> _Requirement_:
Only those lines in the data below from the line containing "1998-99 UD Choice" through the line containing "Bouquet Metalizado X5 Globos Minecraft", both included, should be restated word for word.

> _Records to use_:
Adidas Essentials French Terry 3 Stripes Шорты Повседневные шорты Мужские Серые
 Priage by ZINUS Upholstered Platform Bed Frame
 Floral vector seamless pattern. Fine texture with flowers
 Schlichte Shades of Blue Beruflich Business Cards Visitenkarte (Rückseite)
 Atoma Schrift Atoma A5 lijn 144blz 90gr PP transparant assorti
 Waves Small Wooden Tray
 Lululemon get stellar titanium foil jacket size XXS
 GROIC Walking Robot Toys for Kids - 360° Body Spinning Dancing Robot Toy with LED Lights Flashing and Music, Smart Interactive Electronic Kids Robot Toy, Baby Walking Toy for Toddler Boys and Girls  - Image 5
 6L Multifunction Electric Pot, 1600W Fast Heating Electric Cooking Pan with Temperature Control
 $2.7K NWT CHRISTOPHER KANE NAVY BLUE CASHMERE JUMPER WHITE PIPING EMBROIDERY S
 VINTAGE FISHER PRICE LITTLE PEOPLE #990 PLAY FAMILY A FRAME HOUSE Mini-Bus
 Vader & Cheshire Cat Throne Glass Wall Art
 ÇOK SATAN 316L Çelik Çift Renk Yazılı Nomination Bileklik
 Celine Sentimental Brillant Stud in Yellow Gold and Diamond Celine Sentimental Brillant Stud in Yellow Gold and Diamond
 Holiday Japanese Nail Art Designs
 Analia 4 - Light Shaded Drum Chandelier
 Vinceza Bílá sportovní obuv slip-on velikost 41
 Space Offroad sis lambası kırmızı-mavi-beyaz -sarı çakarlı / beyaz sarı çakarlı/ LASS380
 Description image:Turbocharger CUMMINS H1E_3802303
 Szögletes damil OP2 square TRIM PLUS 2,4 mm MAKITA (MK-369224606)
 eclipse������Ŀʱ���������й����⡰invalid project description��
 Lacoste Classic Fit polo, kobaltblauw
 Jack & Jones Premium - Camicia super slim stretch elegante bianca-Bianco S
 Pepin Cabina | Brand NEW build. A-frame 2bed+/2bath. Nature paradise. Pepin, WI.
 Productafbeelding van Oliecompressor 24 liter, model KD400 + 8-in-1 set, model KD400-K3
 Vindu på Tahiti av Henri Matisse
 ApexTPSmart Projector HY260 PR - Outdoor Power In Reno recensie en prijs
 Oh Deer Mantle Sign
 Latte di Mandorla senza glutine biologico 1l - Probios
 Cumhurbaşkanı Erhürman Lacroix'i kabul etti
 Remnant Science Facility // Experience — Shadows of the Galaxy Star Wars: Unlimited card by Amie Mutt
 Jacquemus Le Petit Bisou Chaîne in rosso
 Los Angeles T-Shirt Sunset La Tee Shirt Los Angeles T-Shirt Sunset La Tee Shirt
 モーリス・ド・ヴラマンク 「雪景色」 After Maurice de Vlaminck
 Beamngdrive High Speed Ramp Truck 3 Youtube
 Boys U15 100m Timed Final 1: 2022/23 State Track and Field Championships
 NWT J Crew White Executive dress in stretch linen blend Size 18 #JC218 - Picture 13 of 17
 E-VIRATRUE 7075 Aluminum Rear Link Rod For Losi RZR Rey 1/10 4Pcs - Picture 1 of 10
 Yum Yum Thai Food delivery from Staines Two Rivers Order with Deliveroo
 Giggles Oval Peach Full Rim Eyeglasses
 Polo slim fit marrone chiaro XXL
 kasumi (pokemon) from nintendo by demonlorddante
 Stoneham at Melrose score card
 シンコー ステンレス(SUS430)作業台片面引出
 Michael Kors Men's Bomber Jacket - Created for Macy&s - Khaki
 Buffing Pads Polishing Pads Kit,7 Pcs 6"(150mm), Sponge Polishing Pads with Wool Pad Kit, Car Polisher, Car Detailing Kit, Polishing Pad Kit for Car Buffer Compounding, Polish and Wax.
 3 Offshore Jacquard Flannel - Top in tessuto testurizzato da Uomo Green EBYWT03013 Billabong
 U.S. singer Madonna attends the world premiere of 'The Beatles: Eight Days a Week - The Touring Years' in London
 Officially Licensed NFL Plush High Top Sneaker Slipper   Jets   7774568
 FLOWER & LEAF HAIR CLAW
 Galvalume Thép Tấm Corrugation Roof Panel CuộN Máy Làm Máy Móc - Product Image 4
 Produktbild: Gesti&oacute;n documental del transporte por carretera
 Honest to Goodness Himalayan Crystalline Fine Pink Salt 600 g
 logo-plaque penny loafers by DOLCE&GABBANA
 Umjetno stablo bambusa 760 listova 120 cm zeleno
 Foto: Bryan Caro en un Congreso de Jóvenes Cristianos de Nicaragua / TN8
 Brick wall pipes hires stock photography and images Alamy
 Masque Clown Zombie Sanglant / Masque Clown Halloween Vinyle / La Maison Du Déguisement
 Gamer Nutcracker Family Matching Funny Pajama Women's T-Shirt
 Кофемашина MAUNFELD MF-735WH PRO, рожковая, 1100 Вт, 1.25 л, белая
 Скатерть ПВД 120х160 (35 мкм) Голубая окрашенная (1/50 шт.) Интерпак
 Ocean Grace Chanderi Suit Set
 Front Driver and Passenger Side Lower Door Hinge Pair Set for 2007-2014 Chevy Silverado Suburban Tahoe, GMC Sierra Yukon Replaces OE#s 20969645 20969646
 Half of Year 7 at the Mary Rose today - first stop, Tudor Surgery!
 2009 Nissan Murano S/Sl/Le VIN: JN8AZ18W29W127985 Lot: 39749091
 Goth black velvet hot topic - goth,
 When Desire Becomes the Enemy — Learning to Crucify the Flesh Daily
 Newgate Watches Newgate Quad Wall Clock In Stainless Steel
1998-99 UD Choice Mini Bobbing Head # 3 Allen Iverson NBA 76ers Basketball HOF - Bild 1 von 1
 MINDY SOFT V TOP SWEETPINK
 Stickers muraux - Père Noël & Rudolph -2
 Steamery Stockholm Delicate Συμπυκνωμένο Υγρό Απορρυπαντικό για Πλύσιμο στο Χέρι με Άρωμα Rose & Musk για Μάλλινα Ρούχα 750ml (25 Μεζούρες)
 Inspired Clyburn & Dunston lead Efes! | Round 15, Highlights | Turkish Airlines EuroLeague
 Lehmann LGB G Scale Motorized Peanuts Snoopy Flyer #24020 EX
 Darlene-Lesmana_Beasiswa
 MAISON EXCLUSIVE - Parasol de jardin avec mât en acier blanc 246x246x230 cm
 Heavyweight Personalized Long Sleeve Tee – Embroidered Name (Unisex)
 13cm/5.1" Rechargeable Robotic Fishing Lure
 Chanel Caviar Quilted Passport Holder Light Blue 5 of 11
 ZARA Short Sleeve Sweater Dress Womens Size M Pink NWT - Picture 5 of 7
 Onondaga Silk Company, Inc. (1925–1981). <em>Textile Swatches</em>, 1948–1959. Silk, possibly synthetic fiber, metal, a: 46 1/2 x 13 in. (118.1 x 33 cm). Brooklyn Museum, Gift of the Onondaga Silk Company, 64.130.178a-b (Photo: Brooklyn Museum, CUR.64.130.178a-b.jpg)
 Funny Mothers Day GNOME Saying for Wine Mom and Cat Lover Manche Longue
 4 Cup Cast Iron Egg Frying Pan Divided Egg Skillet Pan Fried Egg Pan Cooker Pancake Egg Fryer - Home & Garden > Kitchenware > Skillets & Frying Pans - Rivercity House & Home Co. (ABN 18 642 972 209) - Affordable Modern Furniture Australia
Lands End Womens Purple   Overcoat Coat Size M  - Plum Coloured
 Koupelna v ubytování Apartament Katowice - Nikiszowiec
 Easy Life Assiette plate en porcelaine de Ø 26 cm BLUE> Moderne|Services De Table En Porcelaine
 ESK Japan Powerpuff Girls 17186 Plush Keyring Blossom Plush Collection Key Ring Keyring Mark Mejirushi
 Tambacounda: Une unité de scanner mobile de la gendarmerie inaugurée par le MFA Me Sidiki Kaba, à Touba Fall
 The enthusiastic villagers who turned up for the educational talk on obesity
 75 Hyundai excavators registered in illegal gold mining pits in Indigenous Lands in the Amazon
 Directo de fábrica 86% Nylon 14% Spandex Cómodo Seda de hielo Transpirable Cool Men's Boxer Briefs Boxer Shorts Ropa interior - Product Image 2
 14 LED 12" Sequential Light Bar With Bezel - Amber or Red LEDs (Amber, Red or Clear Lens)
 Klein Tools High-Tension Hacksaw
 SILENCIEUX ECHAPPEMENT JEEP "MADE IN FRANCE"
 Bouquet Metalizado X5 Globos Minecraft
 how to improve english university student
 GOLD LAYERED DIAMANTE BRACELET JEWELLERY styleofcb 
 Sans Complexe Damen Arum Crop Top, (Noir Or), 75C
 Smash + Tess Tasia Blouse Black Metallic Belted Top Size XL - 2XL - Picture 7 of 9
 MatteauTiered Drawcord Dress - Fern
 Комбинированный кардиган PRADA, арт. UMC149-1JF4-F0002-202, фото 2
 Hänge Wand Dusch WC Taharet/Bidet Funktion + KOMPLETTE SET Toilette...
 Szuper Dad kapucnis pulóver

> _Solution to this task_:
1998-99 UD Choice Mini Bobbing Head # 3 Allen Iverson NBA 76ers Basketball HOF - Bild 1 von 1
 MINDY SOFT V TOP SWEETPINK
 Stickers muraux - Père Noël & Rudolph -2
 Steamery Stockholm Delicate Συμπυκνωμένο Υγρό Απορρυπαντικό για Πλύσιμο στο Χέρι με Άρωμα Rose & Musk για Μάλλινα Ρούχα 750ml (25 Μεζούρες)
 Inspired Clyburn & Dunston lead Efes! | Round 15, Highlights | Turkish Airlines EuroLeague
 Lehmann LGB G Scale Motorized Peanuts Snoopy Flyer #24020 EX
 Darlene-Lesmana_Beasiswa
 MAISON EXCLUSIVE - Parasol de jardin avec mât en acier blanc 246x246x230 cm
 Heavyweight Personalized Long Sleeve Tee – Embroidered Name (Unisex)
 13cm/5.1" Rechargeable Robotic Fishing Lure
 Chanel Caviar Quilted Passport Holder Light Blue 5 of 11
 ZARA Short Sleeve Sweater Dress Womens Size M Pink NWT - Picture 5 of 7
 Onondaga Silk Company, Inc. (1925–1981). <em>Textile Swatches</em>, 1948–1959. Silk, possibly synthetic fiber, metal, a: 46 1/2 x 13 in. (118.1 x 33 cm). Brooklyn Museum, Gift of the Onondaga Silk Company, 64.130.178a-b (Photo: Brooklyn Museum, CUR.64.130.178a-b.jpg)
 Funny Mothers Day GNOME Saying for Wine Mom and Cat Lover Manche Longue
 4 Cup Cast Iron Egg Frying Pan Divided Egg Skillet Pan Fried Egg Pan Cooker Pancake Egg Fryer - Home & Garden > Kitchenware > Skillets & Frying Pans - Rivercity House & Home Co. (ABN 18 642 972 209) - Affordable Modern Furniture Australia
Lands End Womens Purple   Overcoat Coat Size M  - Plum Coloured
 Koupelna v ubytování Apartament Katowice - Nikiszowiec
 Easy Life Assiette plate en porcelaine de Ø 26 cm BLUE> Moderne|Services De Table En Porcelaine
 ESK Japan Powerpuff Girls 17186 Plush Keyring Blossom Plush Collection Key Ring Keyring Mark Mejirushi
 Tambacounda: Une unité de scanner mobile de la gendarmerie inaugurée par le MFA Me Sidiki Kaba, à Touba Fall
 The enthusiastic villagers who turned up for the educational talk on obesity
 75 Hyundai excavators registered in illegal gold mining pits in Indigenous Lands in the Amazon
 Directo de fábrica 86% Nylon 14% Spandex Cómodo Seda de hielo Transpirable Cool Men's Boxer Briefs Boxer Shorts Ropa interior - Product Image 2
 14 LED 12" Sequential Light Bar With Bezel - Amber or Red LEDs (Amber, Red or Clear Lens)
 Klein Tools High-Tension Hacksaw
 SILENCIEUX ECHAPPEMENT JEEP "MADE IN FRANCE"
 Bouquet Metalizado X5 Globos Minecraft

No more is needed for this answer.